③    審議官級3名.これまでとは一転して,厳かな雰囲気だった.世界と比較した日本の官僚の働き方に対する意見を求められたり,残業などの話からストレス耐性を測られるような質問をされたりしたが,厳しい運動部時代の話などを援用してなんとか乗り切った.ノック練習を受けるような感覚で,感触は正直微妙だったが,終了後に連絡役の方に「いい感じ」である旨を伝えられ,同様に待機室へ案内された.

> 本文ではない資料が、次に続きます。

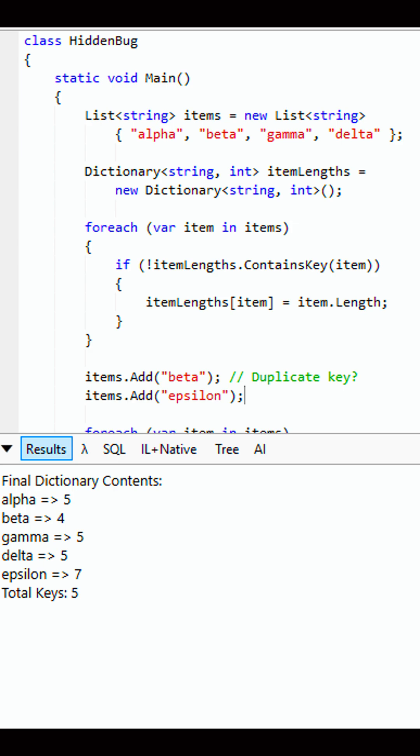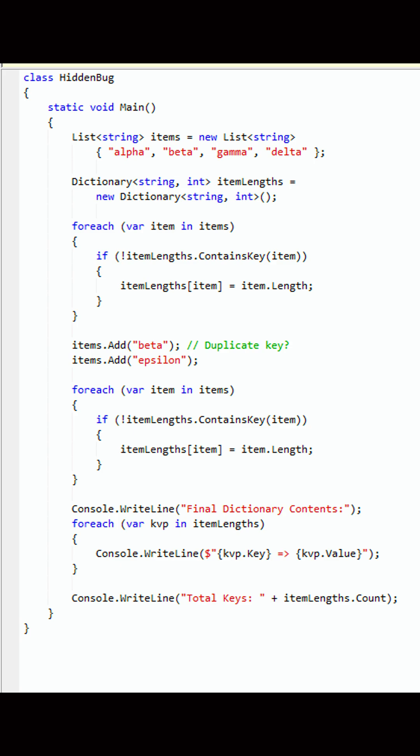Final dictionary contains: alpha equals 5, beta equals 4, gamma equals 5, delta equals 5, epsilon equals 7. Total keys: 5.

④    局長級1名.入室前の空間の時点でかなりグレードが高かった.秘書がいるし,来客用のソファも大きかった.面接自体は③よりもゆるい雰囲気だった.アイスブレイクのような感じで始まり,相手方の手元にあるESを参照されながら,基本的な質問をされ,笑顔ではきはきと答えていくだけだった.相変わらず緊張はしなかった.終了後にそのまま,ノートPCを持つ連絡役の方に別室に案内された.彼は移動中に画面を気にしていた.即時で判定が出て共有されるらしい.無事,後日の最終面接の通知を受けた.部屋では2日目訪問省庁のことなどを聞かれた.聞かれたといっても尋問・束縛のようなものではまったくないし,こちらの志望度も齟齬なく伝わっているので,軽い確認だった.ただし,「100%第一志望です!(本心)」という感じはあえて出さなかった.私が採用担当ならば,媚びてくる学生よりも,多少余裕のある学生のほうが魅力的に感じるからである.恋愛の駆け引きに近い.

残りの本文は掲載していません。